As many healthcare workers celebrate the availability of coronavirus vaccines nationwide, some of those first in line for inoculation fear that the optimism stirred by the vaccine will overshadow a crisis that has drawn scant public attention — the ongoing shortage of personal protective equipment (PPE) that has led frontline workers to ration their use of the disposable gloves, gowns and N95 respirator masks.
In March 2020, along with reports of hospitals being overwhelmed amid the Covid-19 pandemic came news of the facilities also being woefully under-resourced. Hospitals struggling to get access to equipment like ventilators also were lacking basic personal protective equipment (PPE), including masks and gloves.

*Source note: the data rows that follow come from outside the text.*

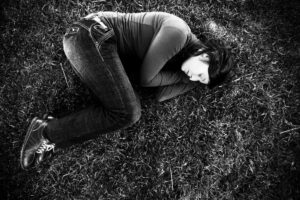 A greyscale photo of a woman lying on some grass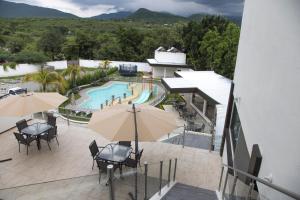 an outdoor patio with a pool and tables and umbrellas at La Terraza Hotel in Jalpan de Serra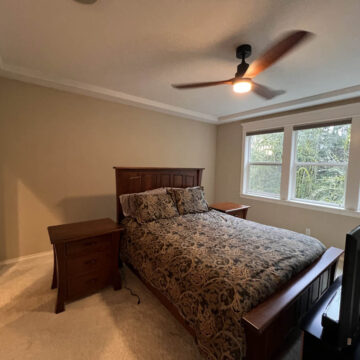 A bedroom featuring a wooden bed with patterned bedding, a nightstand, a ceiling fan, and large windows showing greenery outside.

Though dire reports of PPE shortages have died down, groups on the ground report that the problem has not gone away, according to MedCityNews. Smaller healthcare facilities and physician offices still struggle to get the PPE they need. In fact, requests to one collection group, Get Us PPE, increased by more than 200 percent between November and December, says Dr. Shikha Gupta, the group’s executive director. The group was meant to be a short-term endeavor, Gupta said. But more than 10 months later, it is still going strong, having delivered 6.4 million pieces of PPE at no cost to facilities across the country.
Initially, the requests coming in included big-name academic medical centers and urban health systems. But now, the requests are coming mostly from non-hospital facilities, such as community clinics and rural health centers, though there is some need among community hospitals as well, Gupta said.